El alma obra en nosotros y se nos revela a medida que entramos en contacto con las cosas verdaderas. A mí, por ejemplo, nadie me dio a escuchar las suites de Bach o las sonatas de Mozart; y durante mis primeros años de colegio, apenas la profesora de Lengua Española mandó la lectura de “Cosas Añejas”, o las “Novelas Ejemplares”, quedé deslumbrado por el universo de las palabras y su fuego sagrado iluminó mi destino, al punto que hasta hoy no sabría estar sin literatura. A esto me refería antes cuando hablé de descubrir la propia alma por vía de la intuición.
De igual modo, cuando cedemos el asiento a la anciana en el metro o damos comida al indigente, ese regocijo que de pronto experimentamos, además de nuestra recompensa, es el movimiento espontáneo del alma que ve satisfecha su natural inclinación al bien. Repito, el alma se nos manifiesta al contacto con las cosas verdaderas, que son a su vez las que, intactas, resisten al tiempo, renovándose ellas mismas en su lustre primigenio.
Algo semejante experimenté hace sólo algunos meses cuando visité uno de los grandes museos neoyorquinos, el cual, por su diseño, dimensión y ubicación ideales, suele figurar en los primeros lugares de mi lista de ocio. Allí dentro me topé con trozos de lápidas colocados aquí y allá, frases de neón circulando en espiral, recortes de periódicos de colores fosforescentes cubriendo paredes enteras, letreros en blanco y negro con fórmulas mecánicas y demás necedades. Asqueado, literalmente asqueado, y casi dirigiéndome a la taquilla para pedir cuentas de mis 30 dólares, opté por refugiarme en el cuarto piso hasta mi salida, donde además de sosegarme, logré complacerme un buen rato en la contemplación de los cuadros impresionistas. Luego, pedaleando dentro del Central Park y mientras atravesaba sus frescas avenidas arboladas, no dudé un instante en saber que, aquella tarde de septiembre en el museo, mi alma había protestado.

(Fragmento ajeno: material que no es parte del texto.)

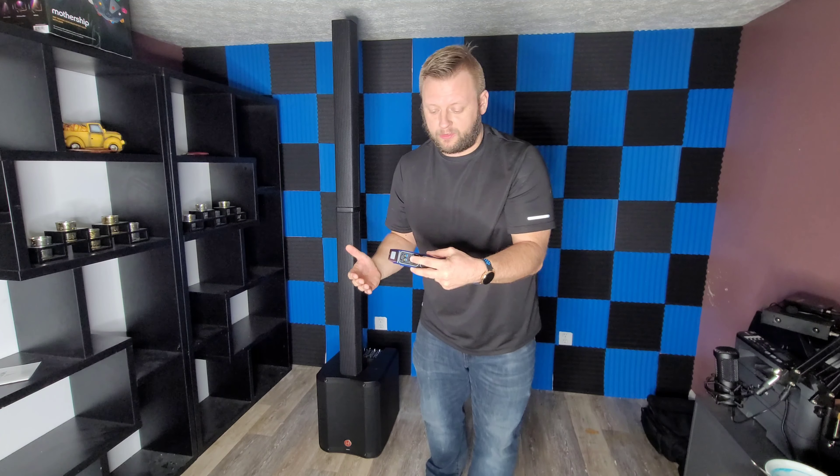Two hours and eight minutes, and it finally died — it is off. That's really impressive. So there you have it: the Halo Bolt, an amazing product that will allow you to have a completely battery-powered ceremony system for your microphones and speakers. They're around a hundred bucks on Amazon — link is in the description. If you like this video, hit that like button; if you love this video, make sure you hit the subscribe button, and we'll see you all next time.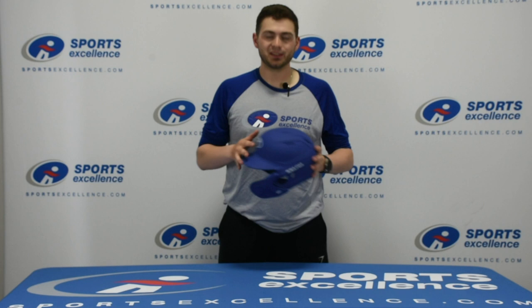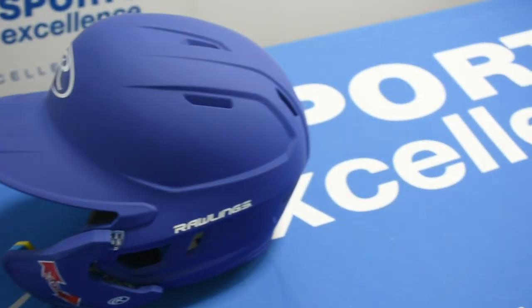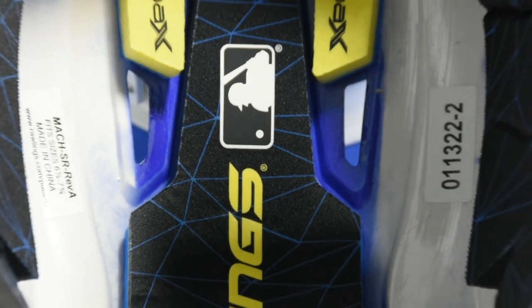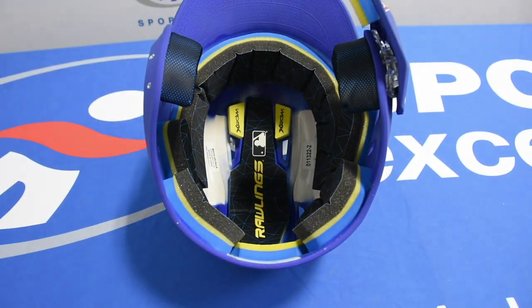Hey everyone, Mason with Sports Excellence here today. I got the official helmet and jaw guard of the MLB here. This is the Mach Adjust, which is an excellent choice. It's Nocsae approved, and it has the Impact X foam in here, which helps absorb and disperse force from either a ball or any other object that hits you in the head while you're wearing this helmet.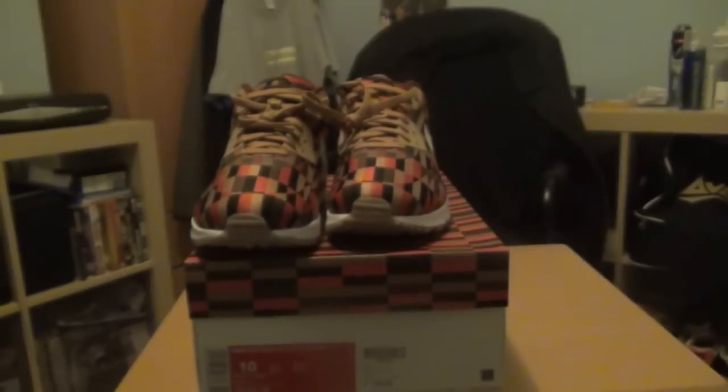One more thing before we get into the actual shoe — I just want to show you a nice detail that Nike threw on this release. The paper on the inside of the box is the London Tube map. It's the whole Tube map on there, it's completely white, but it's hard to see the details. I just want to give you a shot to see the overall sort of effect.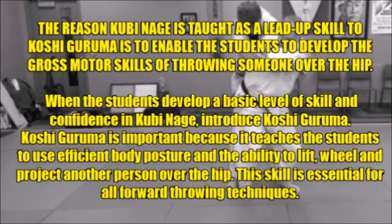The reason Kubinagi is taught as a lead-up skill to Koshiguruma is to enable students to develop the gross motor skills of throwing someone over the hip. When the student develops a basic level of skill and confidence in Kubinagi, introduce Koshiguruma. Koshiguruma is important because it teaches students to use efficient body posture and the ability to lift, wheel, and project another person over the hip — a skill essential for all forward techniques in Judo.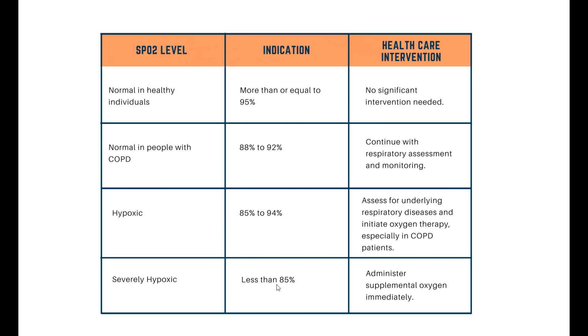So remember: if it's less than 95% and you don't have COPD, you need to go to hospital. If it's between 88 and 92% and you've got COPD, you don't necessarily need to go to hospital, but contact your doctor — because if your normal saturation is around 94% and it suddenly drops to 88%, you still need to seek advice. Knowing what your normal level is is important.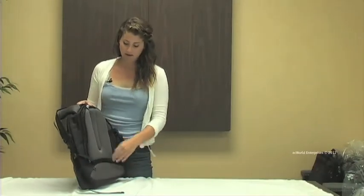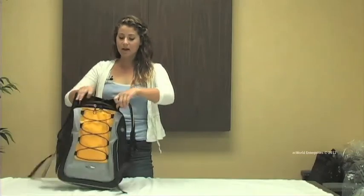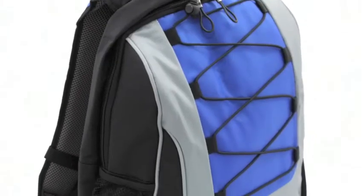This bag is designed with airflow and has a completely padded backside as well as padded shoulder straps. This bag is also available in blue.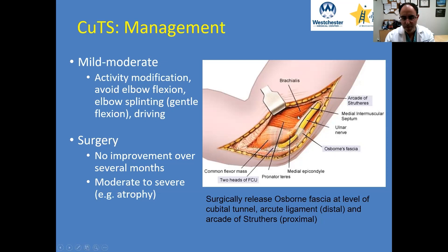We'll briefly go over some of the anatomy here. Kind of upward in the diagram is proximal; to the left is more distal. You can see the most common sites of compression. There's Osborne's fascia, which is basically the roof of the cubital tunnel. As you go more distally,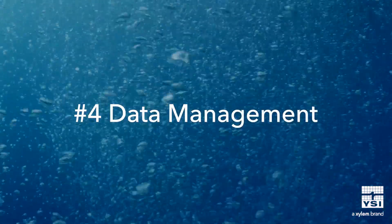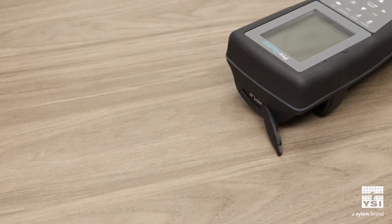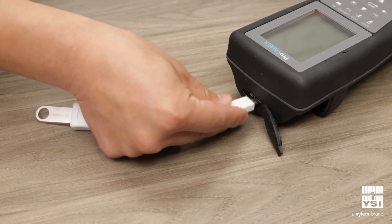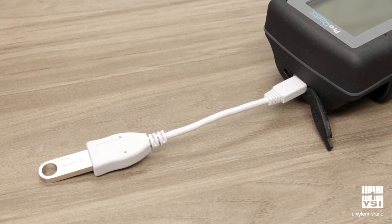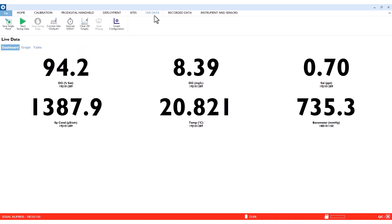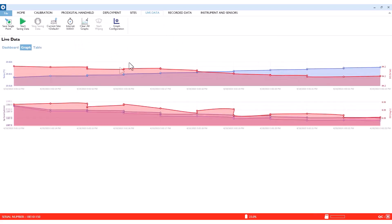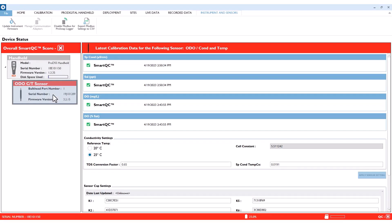The fourth thing to consider is what kind of data storage or management you need for your application. The ProQuattro has increased data storage compared to the ProBasic handhelds and a USB port for data download and software upgrades. The ProSolo, ProSwap, and ProDSS have even larger onboard data memory, and the ProSwap and ProDSS also have optional GPS capabilities. The ProSolo, ProSwap, and ProDSS all interface with Core software, a unique data management tool to view live data, import and export your data, calibrate sensors, and manage settings.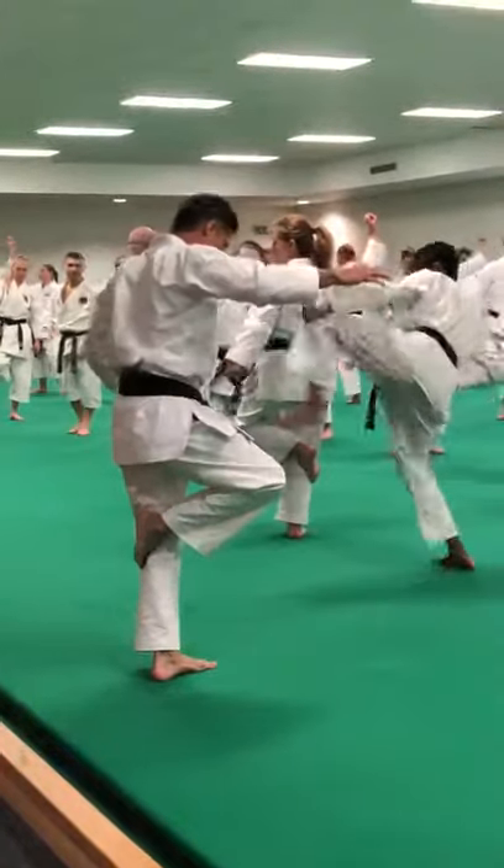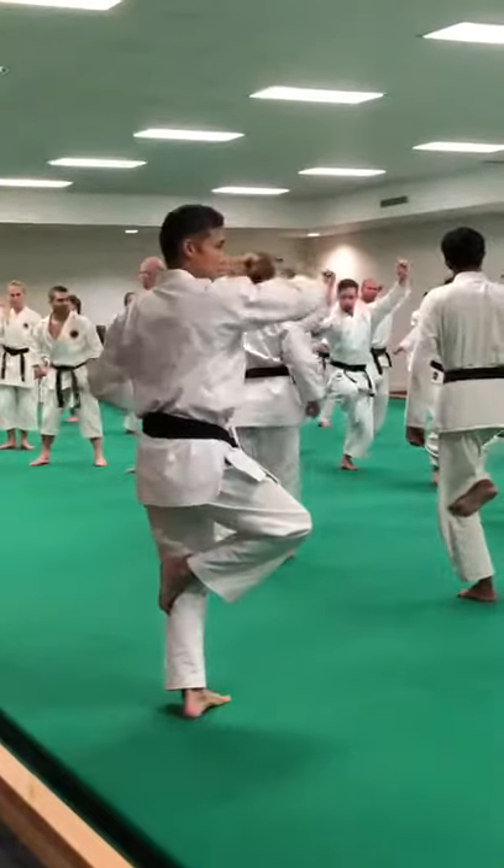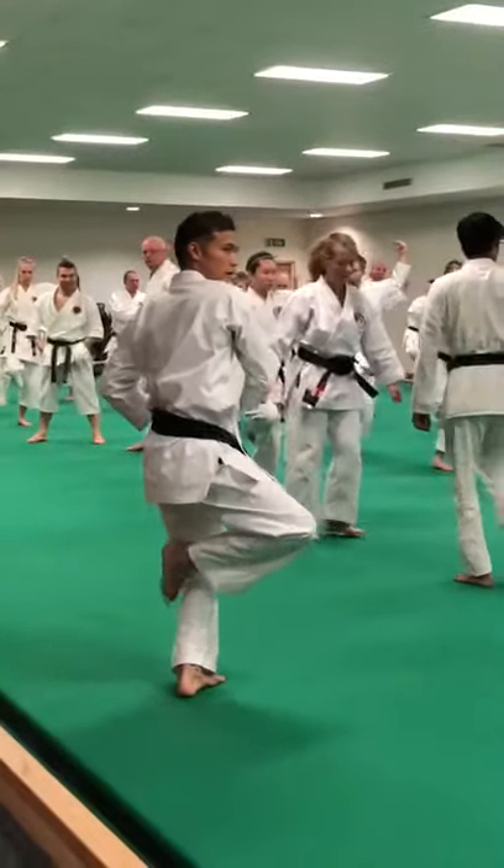So now your foot is either straight or it's to the side, and then come down, yeah, then turn.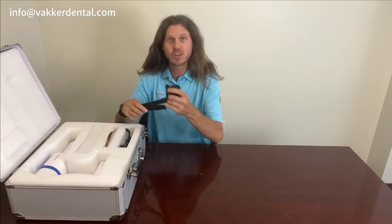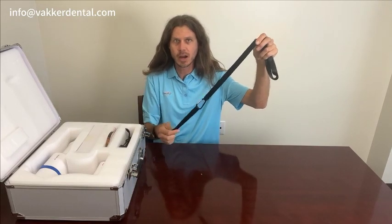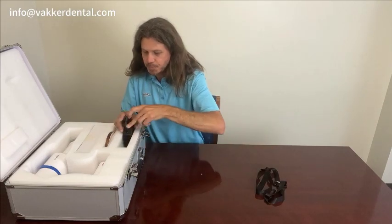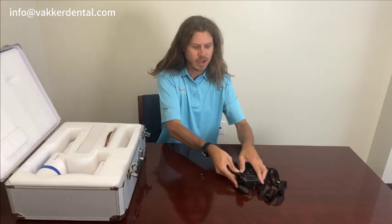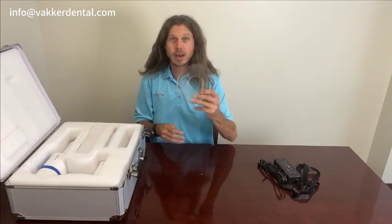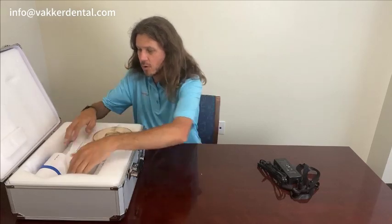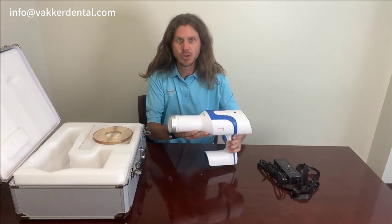We'll just go over a few of the things that come in here. First off, it does come with a neck strap. You will go ahead and attach this to the AI Ray Pro, and then you're able to put this around your neck. It does come with the charger for the unit — I'll show you where that plugs in in a second. It also comes with the x-ray scatter shield, and we'll go ahead and pull this out here and show you how to put it on.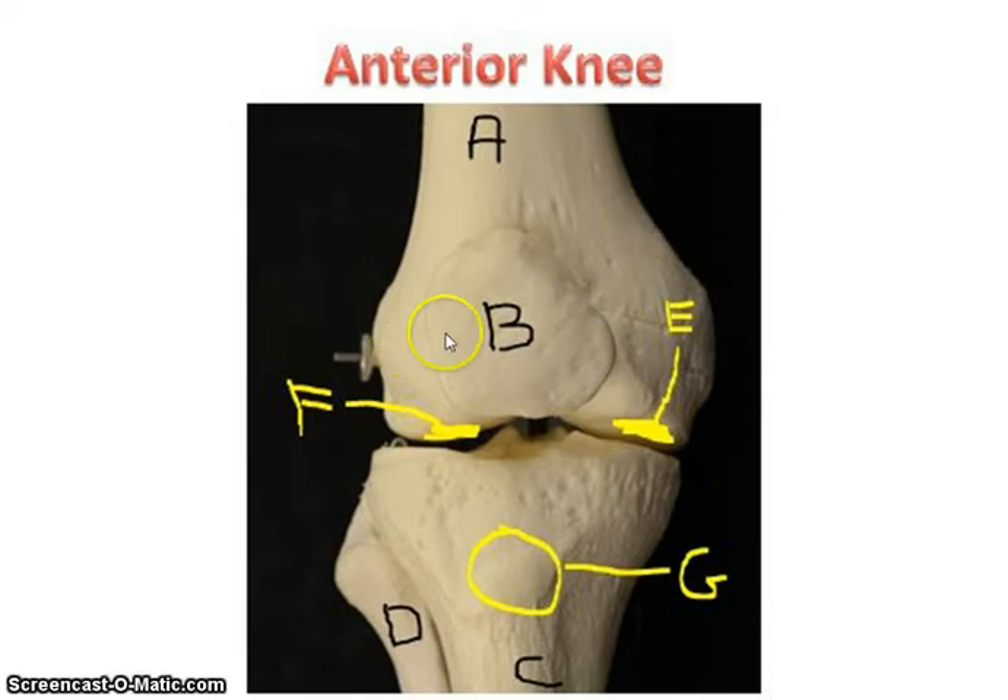A couple more structures on the femur: we have the medial condyle and the lateral condyle. To make sure you're getting this right, look at the femur and orient it correctly — the head of the femur is going to be medial, so find that head, and that condyle below it will be the medial condyle. On the opposite side is the lateral condyle of the femur. To review: femur, patella, tibia which is medial, fibula which is lateral, tibial tuberosity anteriorly, medial condyle of the femur, and lateral condyle of the femur.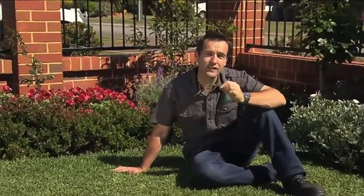Buffalo lawns spread by stolons and can take longer than other types of grasses to recover after wear or the colder winter months. So feeding your buffalo lawn is extremely important.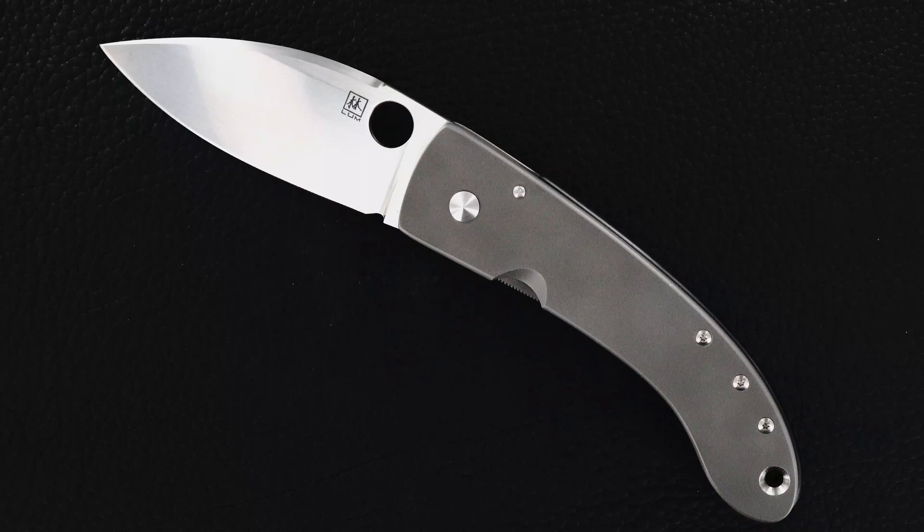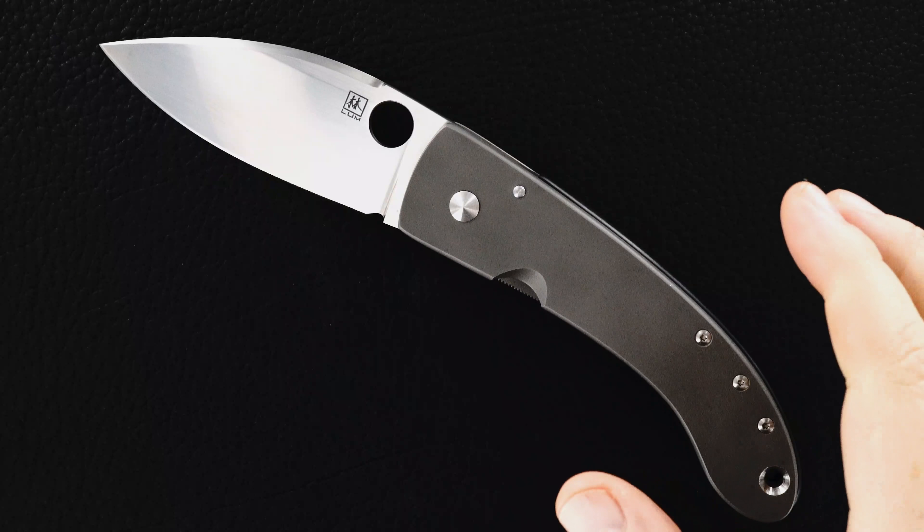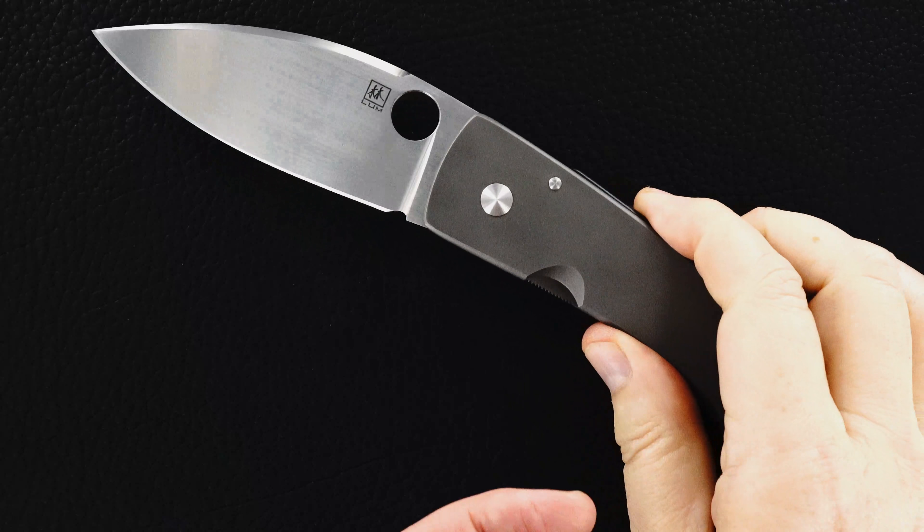Hey guys, everybody knows my respect for the late Bob Lum — for the guy actually, and his work too. This is a beautiful Bob Lum large Chinese folder, and it's a frame lock, which is pretty rare in Bob's world.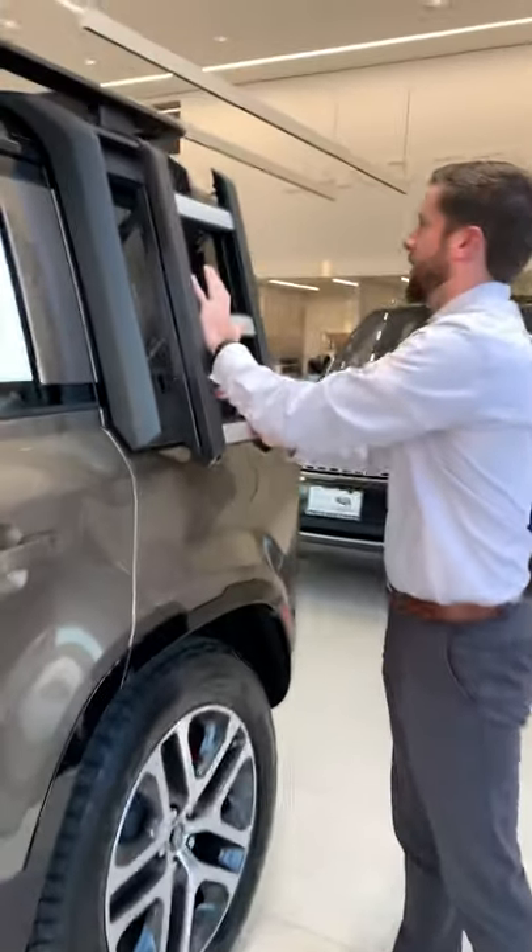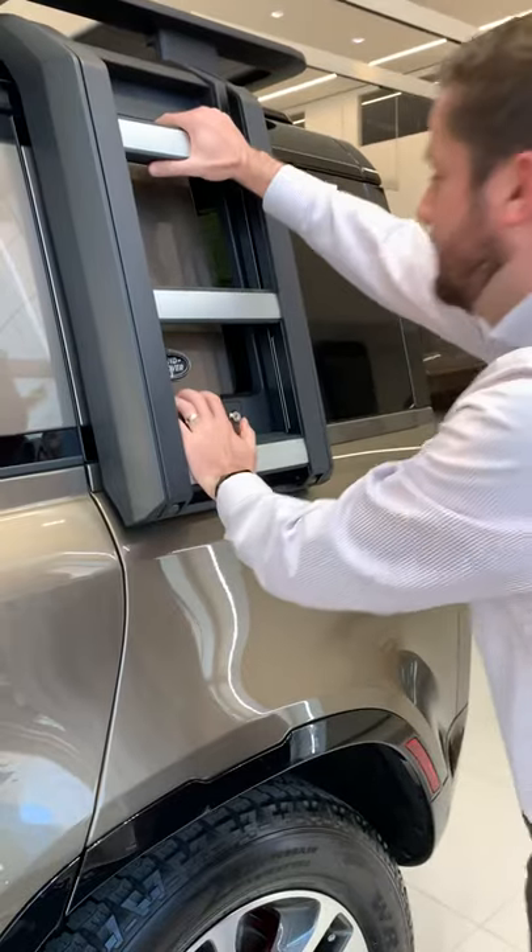Put it back up, put it back in, just like that.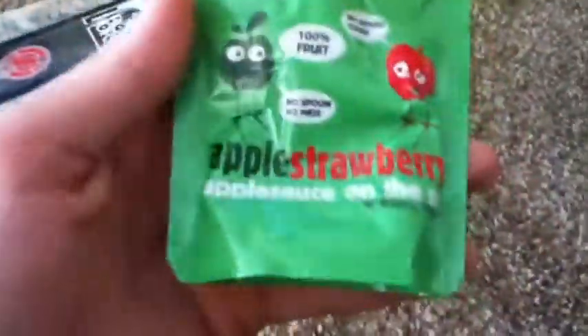What's up, doing an unboxing here with my apple strawberry applesauce on-the-go squeeze — very good. I'm riding these wheels on my Apex 37 and they are not the best wheels in the world, so I ordered some new ones.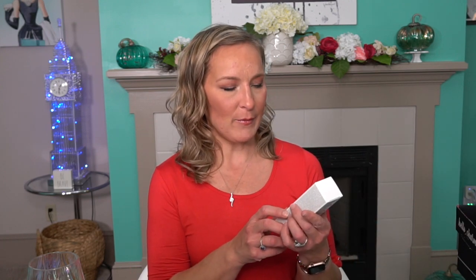The next item is from Grown Alchemist — the Matte Balancing Moisturizer. Since I don't have oily skin, I'm going to put this aside for a future giveaway or to give to a family member or friend. It's a lightweight moisturizer that hydrates facial skin while balancing oil levels, leaving a matte finish with increased clarity. This is $69. It's not going to be good for my dry skin, so I won't even open it.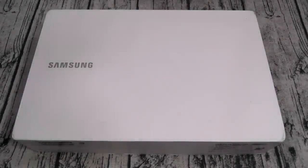Yo, what's up everybody? It's your boy Floss back again with another video, and today we're gonna take a look at the Samsung Galaxy Book Flex.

La amistad, como la música y la literatura, son cosas verdaderas que, si se cultivan con celo, nos facilitan el deber de descubrir nuestra alma; ciertamente, el alma hará poco o nada por hacerse notar, pues, en verdad se trata de un huésped taciturno, incapaz de llamar la atención, y que además habita un clima de inmarcesible silencio. Es por esto también que la muerte de alguien querido nos agobia tanto, porque de un modo que no sabemos explicar, sentimos sobre nuestra propia piel el resuello frío del agujero cósmico que abre en el mundo la salida del alma del cuerpo de esa persona que ha fallecido.
Y aunque más tarde el reconocimiento de la presencia del alma en nosotros nos signifique un trabajo singular, mediante el cual aprenderemos a descifrar el vocabulario de la conciencia y los sonidos profundos del corazón, también este trabajo singular nos convertirá en personas totales y sólo entonces podremos abrir las ventanas al horizonte y sentir el aire definitivo que estremecerá nuestro destino, comunicándonos el mensaje supremo: “ahora, sin temor, puedes entrar al bosque: la soledad y el silencio no te serán adversos”.